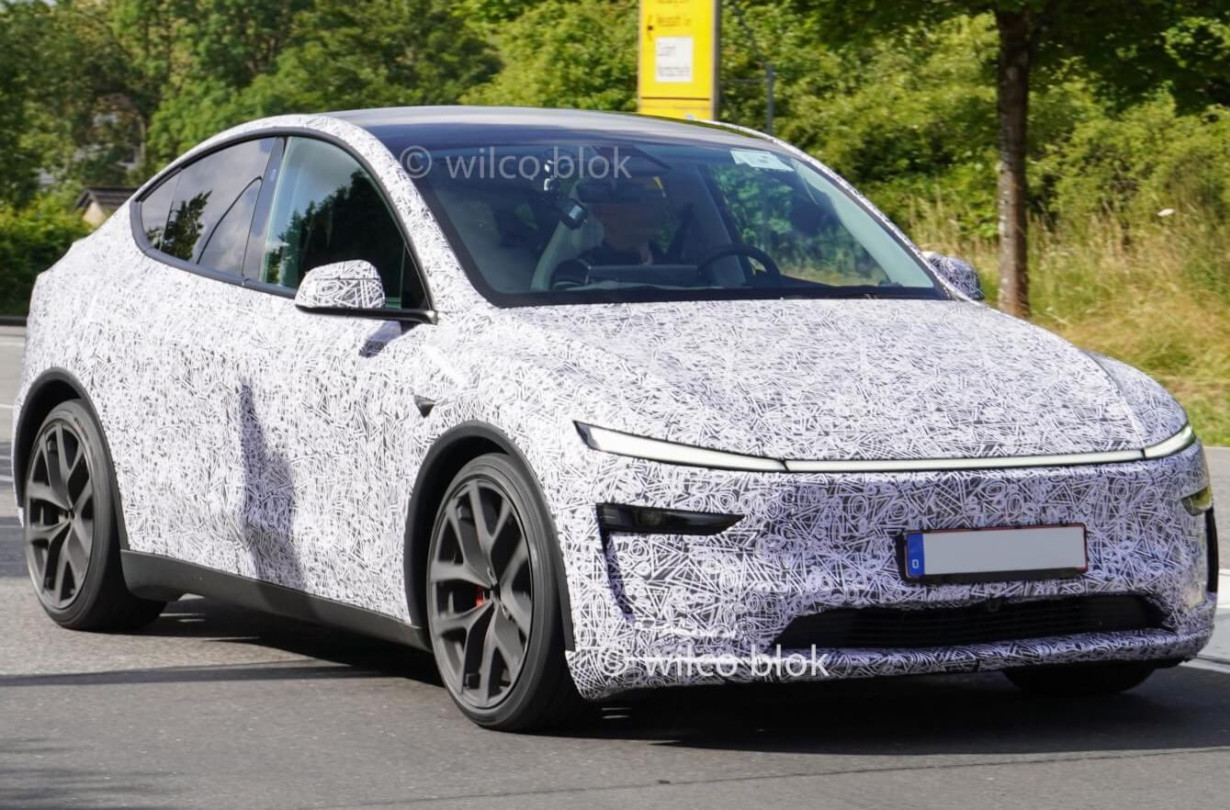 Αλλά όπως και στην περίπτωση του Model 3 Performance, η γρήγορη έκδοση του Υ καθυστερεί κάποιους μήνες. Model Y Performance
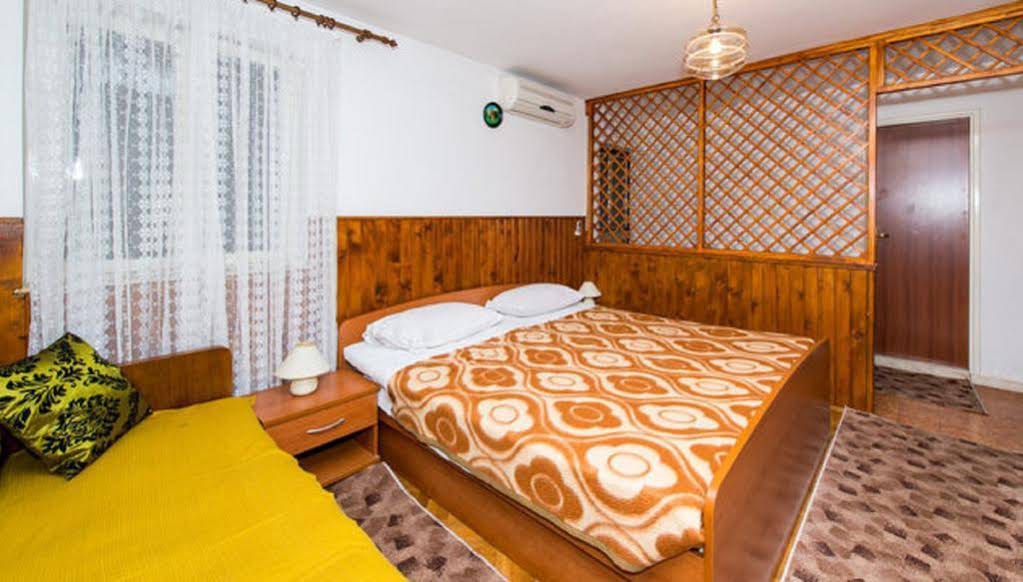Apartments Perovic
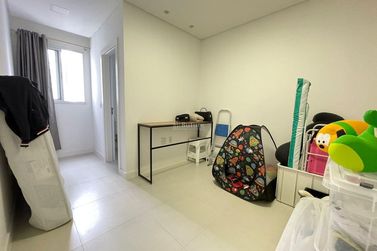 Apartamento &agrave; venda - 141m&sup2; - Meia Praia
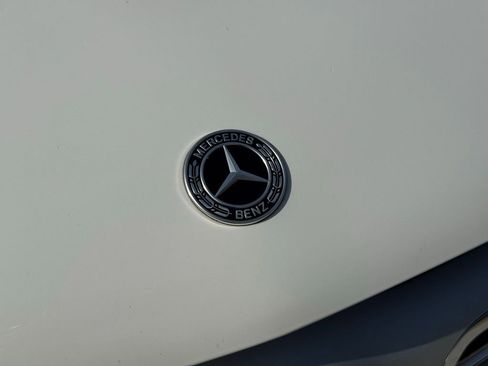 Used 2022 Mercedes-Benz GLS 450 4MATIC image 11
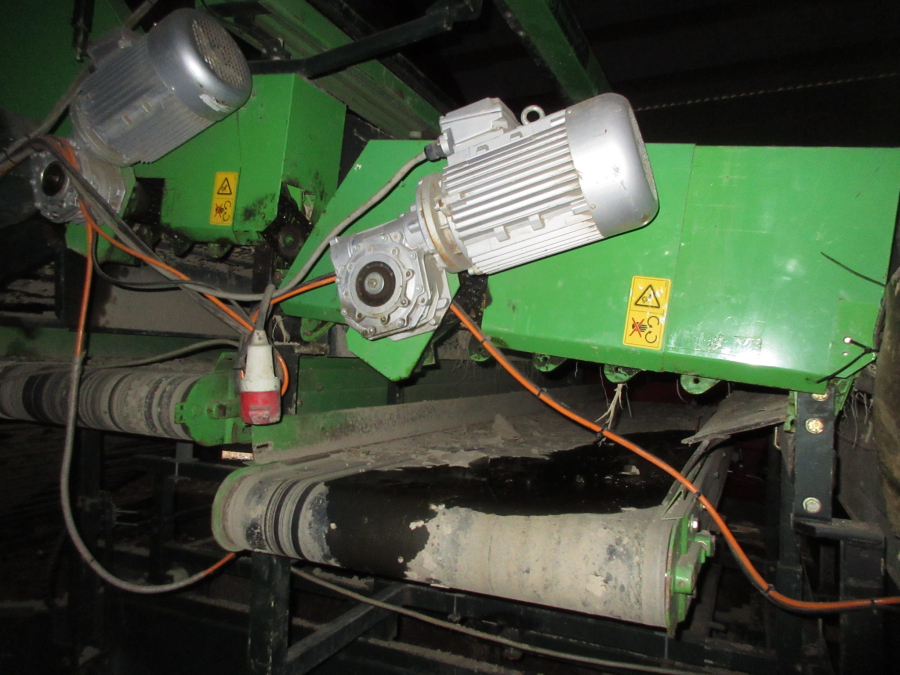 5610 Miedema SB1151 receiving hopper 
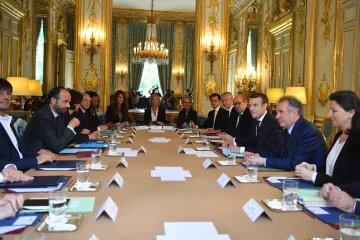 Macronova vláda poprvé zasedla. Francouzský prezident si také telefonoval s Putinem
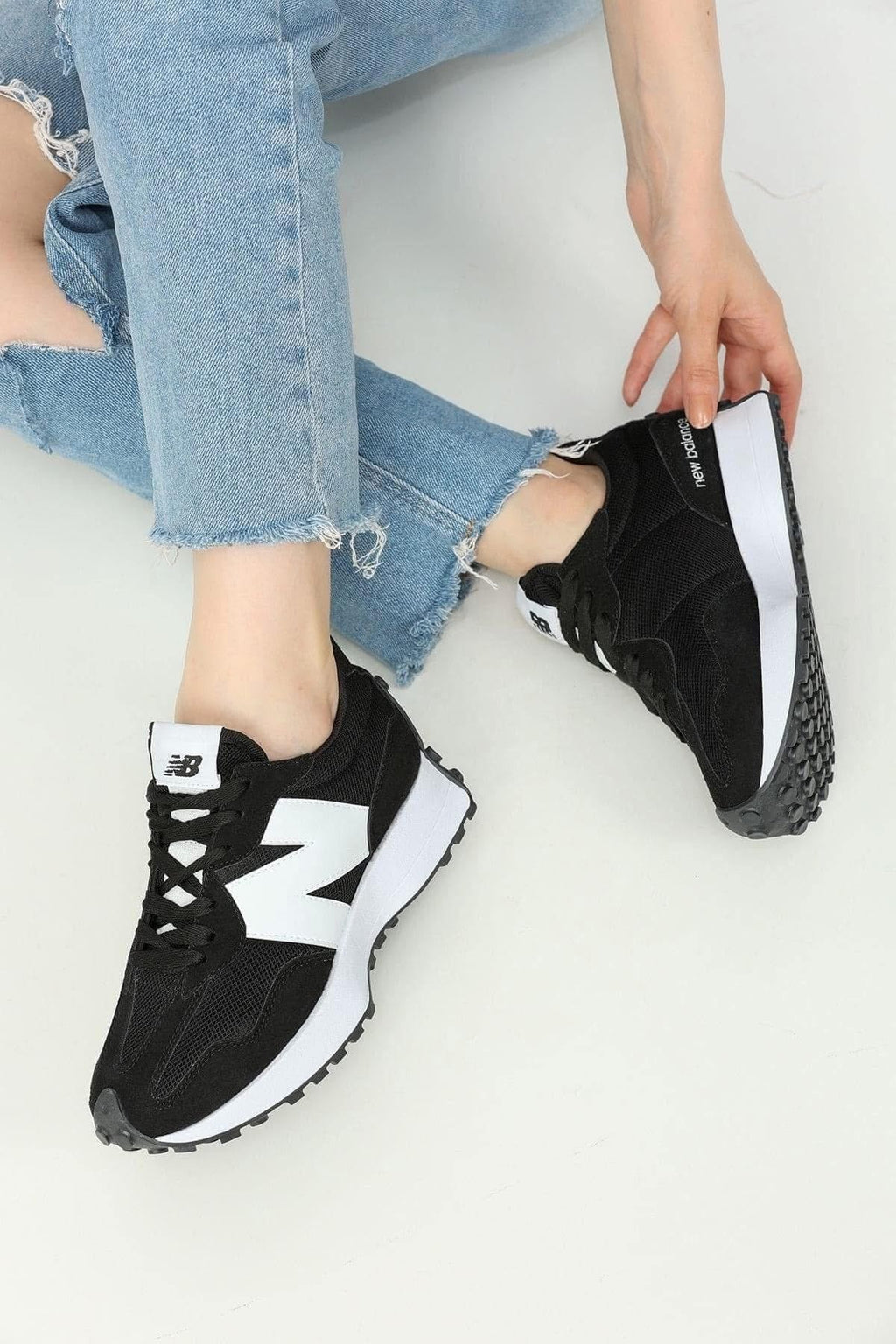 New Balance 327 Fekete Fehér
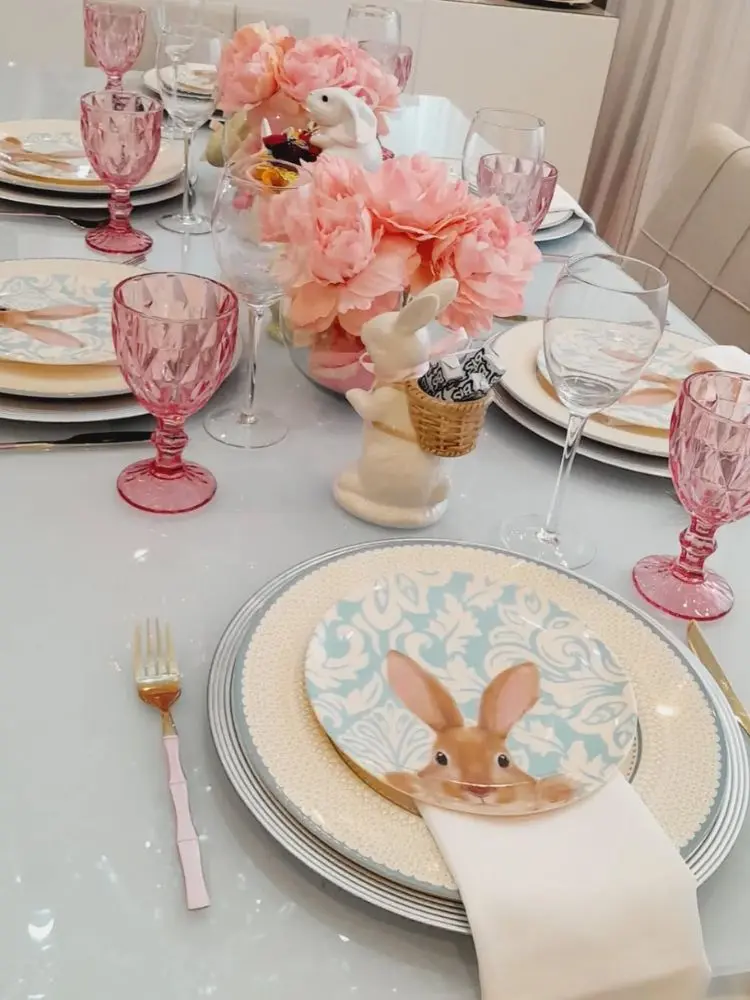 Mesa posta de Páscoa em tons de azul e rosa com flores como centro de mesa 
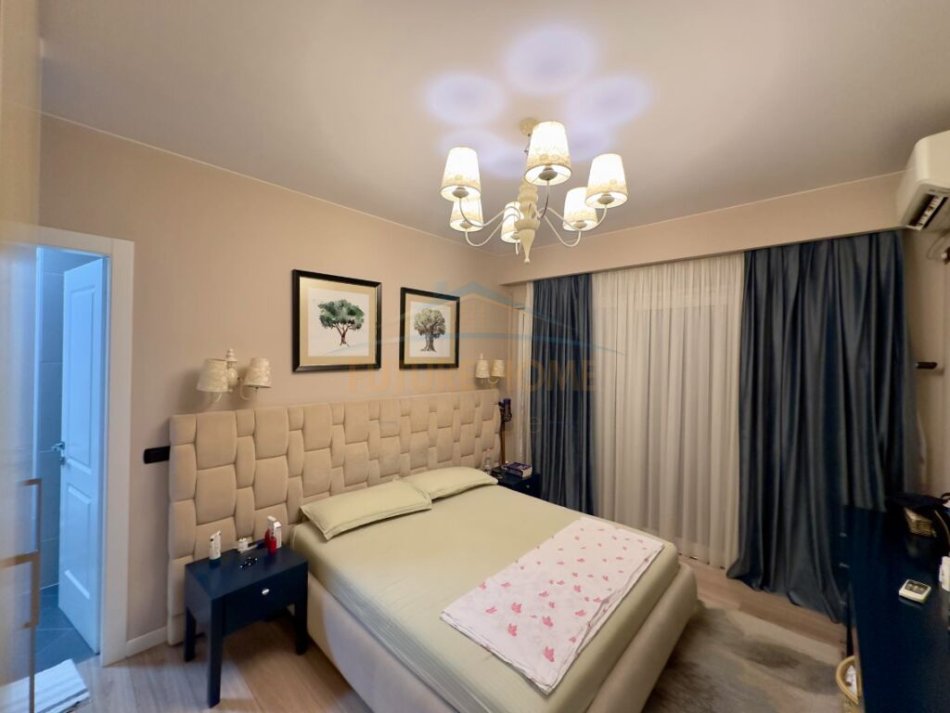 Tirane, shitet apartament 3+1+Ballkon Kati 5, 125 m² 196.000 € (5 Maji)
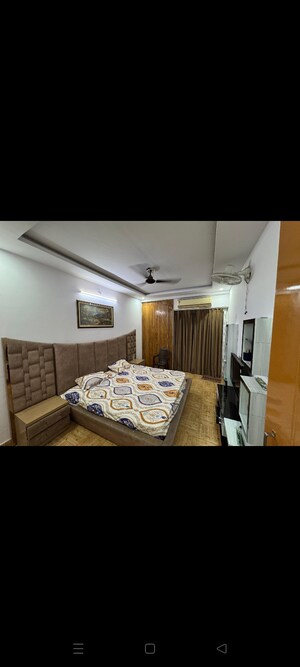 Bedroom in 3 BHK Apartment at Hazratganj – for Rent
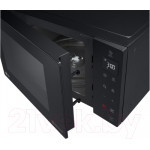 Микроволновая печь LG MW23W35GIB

What you are asked to do: The reply must hold every line above exactly as written and none of the pictures.

Output of the task:
 Αλλά όπως και στην περίπτωση του Model 3 Performance, η γρήγορη έκδοση του Υ καθυστερεί κάποιους μήνες. Model Y Performance
Apartments Perovic
 Apartamento &agrave; venda - 141m&sup2; - Meia Praia
 Used 2022 Mercedes-Benz GLS 450 4MATIC image 11
 5610 Miedema SB1151 receiving hopper 
 Macronova vláda poprvé zasedla. Francouzský prezident si také telefonoval s Putinem
 New Balance 327 Fekete Fehér
 Mesa posta de Páscoa em tons de azul e rosa com flores como centro de mesa 
 Tirane, shitet apartament 3+1+Ballkon Kati 5, 125 m² 196.000 € (5 Maji)
 Bedroom in 3 BHK Apartment at Hazratganj – for Rent
 Микроволновая печь LG MW23W35GIB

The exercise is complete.